Craigslists owns the unique compilation of their listings. That's what is at stake here.


And there's no copyright infringement as long as your compilation, based on their publicly available data, is also unique, which PadMapper's is. This has lots of precedents dating back to services derived from phonebooks.


I am interested in this. Can you point me to one or more of these precedents? Thanks in advance.



Is it?

In my interpretation it is the content of the listings, not the compilation. He could compile the data from several different sources and present the same result.


What constitutes a "unique compilation" is subject to interpretation in a court of law.

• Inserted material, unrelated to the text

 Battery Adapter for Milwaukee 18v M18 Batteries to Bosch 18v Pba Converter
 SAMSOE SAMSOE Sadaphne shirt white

Adding/removing/modifying and changing the arrangement or display of items in a dataset sufficiently constitutes a dataset unique from the one Craigslist offers even if it is largely derivative from the Craigslist dataset.

Craigslist could argue a trespass to chattels tort or file a ToS civil suit, but there isn't much they can do to protect a dataset.

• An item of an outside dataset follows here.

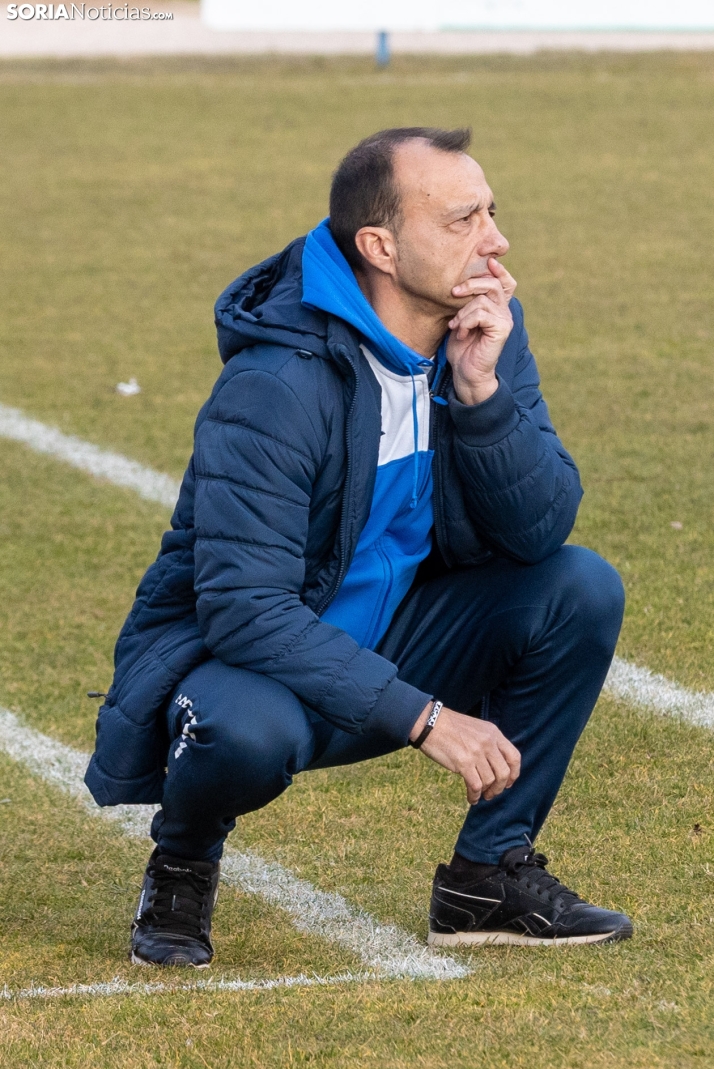 S.D. Almazán vs Arandina./ Viksar Fotografía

The reason Facebook makes Facebook content largely available only to those who are logged in is to hide behind their ToS and prevent scraping whether centralized or distributed.


As far as I know, in the US they don't.


So what you're suggesting is that if a service put "noindex" in its robots/metatags, they would be somehow be overstepping the bounds of what they can do with their users' content?


Not at all... that's a bit of a strawman since robots.txt/metatags are used by search engines and not the public in general.

Not wanting your data on Google != Denying access to said content


> By scraping craigslist in an attempt to undermine their platform you are eliminating their site's relatively utility for buyers, which eliminates the impetus for sellers to list there.

This is exactly what Craigslist will argue, but it's hard to imagine how that could be true if the eventual downstream destination of the data always sends the user back to Craigslist to finish the process.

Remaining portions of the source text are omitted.